Although the CFTC had no obligation to publish these rule submissions or to provide an opportunity for public comment, on July 8, 2003, the CFTC made defendants' proposed rule changes available for comment on the CFTC website by July 14, 2003. R. 731 ¶ 21; R. 742 ¶ 29. This was far shorter than that 45-day review period allowed (but not required) by a commission rule. R. 742 ¶ 29. CBOT had requested quick CFTC approval of the proposed rules in June 2003, citing a provision in the clearing link agreement allowing CME to walk away from the agreement by July 15, 2003. Id . However, CME's Board Steering Committee had decided on July 7, 2003 to allow the walkaway provision to lapse. Id.

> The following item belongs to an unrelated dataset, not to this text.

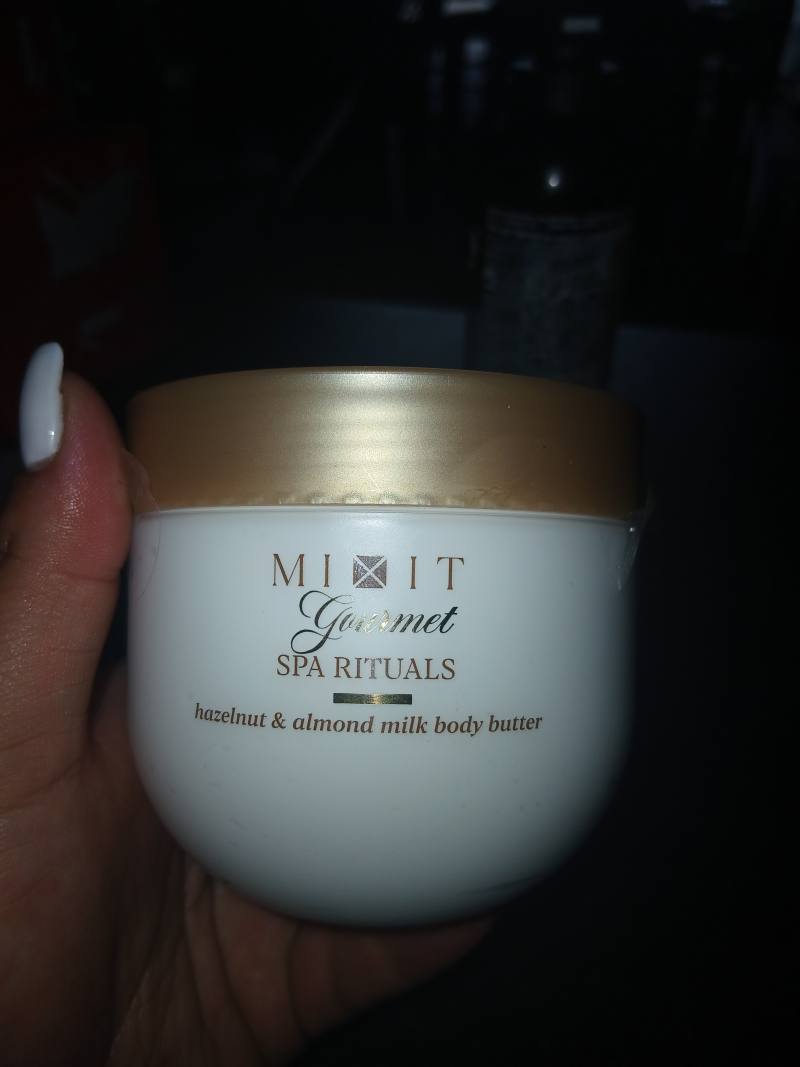 Gourmet SPA RITUALS hazelnut & almond milk body butter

During the review period between July 8 and July 14, 2003, numerous industry participants, including USFE and BOTCC, submitted comment letters. R. 731 ¶ 22. USFE's letter raised antitrust concerns, explaining that "an analysis of the anti-competitive impact of the [open market transfer rule] CB[O]T Regulation 701 under the factors of section 15(b) of the [Commodity Exchange Act ('CEA') ] precludes the CFTC from approving it." Id. ¶ 23. Other market participants likewise raised competition and market-based concerns in their comment letters. R. 742 ¶ 30. USFE and other market participants also requested that the CFTC extend the comment period. Id.
The CFTC did not extend the comment period. On July 15, 2003, CFTC staff provided a 17-page memorandum addressing the proposed rules and comment letters.
*1240R. 731 ¶ 24; R. 742 ¶ 32. That memorandum explained that the comment letters had raised the concern that the proposed rules "would violate the obligations of [CBOT] and the Commission in light of the antitrust provisions of the Act," including "Section 15(b)." R. 731 ¶ 24. CFTC staff
acknowledge[d] that these rules relate to important policy and legal issues of market structure and competition that the Commission has been addressing since June, 2002.4 However, ... 'despite all the discussion about alternative clearing models embracing choice in one form or another, to-date no alternatives to the use of a single dedicated clearinghouse exist and none have been proposed in an implementable form.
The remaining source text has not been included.